17 again: Review…

Maddi and I went to 17 again today, expecting to mock Zac Efron’s performance for hours to come. Boy were we wrong. Not only was Zac amazing (and amazingly hot), the movie as a whole was majorly enjoyable. I didn’t really like Matthew Perry (I couldn’t stop thinking of him as Chandler from friends) but luckily he was only a minor part, Zac played Mike most of the time. A basic run-down of the storyline (spoilers ahead, skip to the end for my rating etc. if you don’t want to know):
Mike O’Donnel is 17 and a senior at his high-school in 1989. He is the captain of his basketball team, has a gorgeous girlfriend and is basically ‘the man’. His best friend is a very nerdy sci-fi addict by the name of Ned Gold. At his basketball championship where college scouts are watching with eager eyes, Mike notices something is wrong with his girlfriend Scarlett and goes to talk to her. At this point I whispered to Maddi “She’s preggers. Next storyline please.” But maddi was all “Nooo! It’s going to be something else.” As usual, I was right, and Mike abandoned basketball and his college dreams to play happy families.
Fast forward eighteen years and the family isn’t so happy any more. Scarlett has applied for a divorce and Mike is living with Ned, who is as nerdy as ever, but now a self made multi-millionaire. Mike goes to his ex-high school, which happens to be his teenage son and daughters current high school, and starts talking to a janitor who disappears as soon other people arrive. As he is driving home in a storm, he spots the janitor about to jump of a bridge, but as he goes to stop him, the janitor disappears. Assuming the worst, Mike leans over the side only to fall in himself. When he gets out and gets home to shower, he looks in the mirror and *gasp* he’s 17 again.

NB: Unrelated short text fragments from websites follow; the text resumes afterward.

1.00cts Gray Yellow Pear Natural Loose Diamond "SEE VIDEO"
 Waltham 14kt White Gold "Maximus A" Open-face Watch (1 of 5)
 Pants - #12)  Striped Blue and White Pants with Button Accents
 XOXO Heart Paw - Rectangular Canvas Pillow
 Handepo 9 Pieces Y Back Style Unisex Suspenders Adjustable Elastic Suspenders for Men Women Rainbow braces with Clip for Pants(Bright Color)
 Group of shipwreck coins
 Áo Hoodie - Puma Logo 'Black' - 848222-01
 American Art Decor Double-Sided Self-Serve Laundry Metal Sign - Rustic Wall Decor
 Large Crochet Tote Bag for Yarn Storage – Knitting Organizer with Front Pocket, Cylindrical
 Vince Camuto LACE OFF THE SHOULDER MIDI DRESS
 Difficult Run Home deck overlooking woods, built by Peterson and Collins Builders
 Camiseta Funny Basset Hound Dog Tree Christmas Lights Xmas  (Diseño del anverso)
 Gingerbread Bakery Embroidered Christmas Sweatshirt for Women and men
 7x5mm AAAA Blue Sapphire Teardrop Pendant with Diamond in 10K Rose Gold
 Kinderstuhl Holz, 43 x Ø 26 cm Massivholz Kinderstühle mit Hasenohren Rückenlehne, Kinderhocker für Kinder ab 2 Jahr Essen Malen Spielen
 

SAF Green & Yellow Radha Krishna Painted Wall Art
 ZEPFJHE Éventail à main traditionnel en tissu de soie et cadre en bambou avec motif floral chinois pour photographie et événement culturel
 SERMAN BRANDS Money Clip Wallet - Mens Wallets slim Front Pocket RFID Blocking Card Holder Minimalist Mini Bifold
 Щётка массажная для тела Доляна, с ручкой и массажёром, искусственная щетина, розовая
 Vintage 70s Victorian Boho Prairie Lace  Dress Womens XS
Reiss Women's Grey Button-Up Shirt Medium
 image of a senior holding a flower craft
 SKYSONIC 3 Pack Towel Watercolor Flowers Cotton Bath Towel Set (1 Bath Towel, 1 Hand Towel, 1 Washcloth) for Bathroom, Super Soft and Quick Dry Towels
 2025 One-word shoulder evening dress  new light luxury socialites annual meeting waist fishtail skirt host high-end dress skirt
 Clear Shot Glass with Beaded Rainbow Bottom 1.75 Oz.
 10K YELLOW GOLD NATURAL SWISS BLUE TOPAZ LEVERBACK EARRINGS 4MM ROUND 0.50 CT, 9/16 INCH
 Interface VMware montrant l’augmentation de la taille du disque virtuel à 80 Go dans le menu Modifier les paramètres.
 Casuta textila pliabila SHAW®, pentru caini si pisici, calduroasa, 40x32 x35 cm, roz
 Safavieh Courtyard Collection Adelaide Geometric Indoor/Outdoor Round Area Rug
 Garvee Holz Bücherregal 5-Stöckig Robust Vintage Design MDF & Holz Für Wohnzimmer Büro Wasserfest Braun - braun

The story follows on from here. Mike decides it’s his destiny to go back to high school and fix where he went wrong. At first, he thinks this is in the basketball arena but he soon works out his higher task is to help his kids; one of whom is bullied constantly and the other is in a relationship with the said bully. What follows is a hilarious look at reliving your senior year, but with the knowledge of a thirty something. From awkward outbursts in sex-ed, to forbiding your daughter from dating a classmate, to becoming your sons best friend, it’s all covered. There’s even a scene where Ned (who’s pretending to be Mike’s dad) starts talking elfish(?) with the school principal on a date.
It’s an awesome movie, with a happy-yet-predictable ending. The second last scene has Zac Efron crying, and I’m sure many of the viewers would be too. Even if you’re not a Zac fan, go see it. He is amazingly hot, and if Maddi who was Zac’s number one hater can enjoy it, anyone can. I give it a nine out of ten (9/10) because although it was an epic win, there were just one or two bits that could have been improved.